Before she properly reached adulthood and went on to enjoy her long and continuing life out there, there was just one last dent to her confidence as a puppy. In those days the reserve still had good numbers of a wide range of mammals and in particular a huge population of rabbits. A few months after her saltings incident, Nana scampered into many dozens of rabbits on one of the salt workings mounds, eager to catch one. Unfortunately some of these rabbits must of been reading rabbit self-defence books because as she went to grab one and to her great surprise, it turned round and bit her face. She rushed back to us, tail between her legs, with yet another dream of doggy glory much diminished, although over fifteen years she has redeemed herself on that score many hundreds of times.

Life would be unimaginable without the companionship of a dog.

Tuesday, 13 April 2010

Sunny surprises

After the cold of yesterday I decided to leave my usual early morning patrol of the reserve until mid-morning today and as a result left home in warmer and sunnier conditions. Not quite the same on the reserve though, once again there was the strong and cold NE wind, which pushed me backwards at times. But the big difference over yesterday was the unbroken sunshine, it may not of been much warmer but it at least seemed it. Certainly on the odd occassion that I walked in the lea of a tall reed bed and was out of the wind, the temperature would immediately soar.

I decided to do a circular route round the reserve's grazing marsh today and was almost immediately rewarded with a fly-over Yellow Wagtail, just about audible against the wind. I then found the first Coot's nest of the year with eggs, with two other newly-built ones close by - things were looking up! and so was I a lot of the time and was rewarded with a second Yellow Wagtail.
Getting up onto the seawall and walking the length of that in the wind was certainly draughty round the neck but at long last I got the reward that I was after - from the reed beds came the loud and scratchy song of my first Sedge Warbler! I sat and listened to it for a while and also watched and heard two Bearded Tits and a Water Rail in the same reed bed. How such small things can impact on a day so immensley at times.

As well as the above birds I also recorded the following for my visit:
1 Little Egret - 2 Grey Herons - 58 Mute Swans - 6 White-fronted Geese - 20 Greylag Geese - 2 Canada Geese - 60 Shelduck - 50 Wigeon - 6 Gadwall - 70 Teal - 60 Shoveler - 18 Pochard - 6 Tufted Duck - 2 Kestrel - 40 Curlew - 10 Skylark - 4 Meadow Pipit - 1 Cettis Warbler - 8 Linnet - 14 Reed Bunting.

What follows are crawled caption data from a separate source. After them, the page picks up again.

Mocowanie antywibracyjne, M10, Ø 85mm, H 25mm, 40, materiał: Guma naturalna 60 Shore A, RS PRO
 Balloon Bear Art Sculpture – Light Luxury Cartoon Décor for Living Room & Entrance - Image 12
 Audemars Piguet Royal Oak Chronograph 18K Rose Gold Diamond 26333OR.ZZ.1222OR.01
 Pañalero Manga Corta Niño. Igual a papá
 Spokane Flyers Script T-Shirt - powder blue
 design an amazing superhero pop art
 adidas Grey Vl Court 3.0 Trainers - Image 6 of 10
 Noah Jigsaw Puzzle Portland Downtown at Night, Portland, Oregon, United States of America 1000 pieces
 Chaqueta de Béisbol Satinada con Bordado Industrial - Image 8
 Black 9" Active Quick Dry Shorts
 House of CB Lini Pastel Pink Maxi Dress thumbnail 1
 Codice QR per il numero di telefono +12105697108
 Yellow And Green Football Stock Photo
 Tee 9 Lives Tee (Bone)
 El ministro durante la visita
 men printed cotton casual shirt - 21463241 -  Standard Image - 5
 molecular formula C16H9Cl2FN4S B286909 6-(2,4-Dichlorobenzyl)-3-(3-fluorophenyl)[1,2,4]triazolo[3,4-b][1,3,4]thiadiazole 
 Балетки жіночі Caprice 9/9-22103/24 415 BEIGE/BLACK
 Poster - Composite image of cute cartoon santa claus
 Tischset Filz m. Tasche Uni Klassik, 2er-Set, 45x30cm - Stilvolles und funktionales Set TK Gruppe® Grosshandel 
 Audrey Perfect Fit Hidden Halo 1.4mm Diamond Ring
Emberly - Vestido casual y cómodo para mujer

2 Hares, a couple of Peacock butterflies, loads of Bumblebees and along one ditch, fresh signs of recent Water Vole activity, completed the walk. Life felt good again.

Monday, 12 April 2010

A grey day

Now this is going to seem a bit silly now that the sun has come out but having a day off from the reserve yesterday, see my last post, I was anxious to get down there early this morning and continue my increasingly neurotic pursuit of the elusive spring migrants.
Well, quite frankly, I should of gone later because it was bloody freezing. Heavy grey skies were blowing in off the sea in strong NE winds and despite thermal gloves and my winter coat back on again it was really uncomfortable. And still being able to see winter visitors such as 13 White-fronted Geese as I arrived only added to the bleak and foreboding feel of the place.

Anyway coat collar up I headed off for the larger of the reed beds, still looking to add Sedge Warblers to my meagre total of spring birds, but it was quickly apparent that that was not going to happen today. Even if there had been any warblers in there it was impossible to hear anything due to the wind rattling through the stems and bending them over. I did get a snatch of song from our resident Cettis Warbler and note both a Mute Swan and Greylag Goose on their nests, but that was about it for the reed beds.
I left the shelter of them behind and headed out into the open marsh and for a while worked my way round some of the ditches in the hope of recording some Coots nests on the breeding lists for this year, but once again I found nothing, easily the latest that I've gone without one or two of their nests.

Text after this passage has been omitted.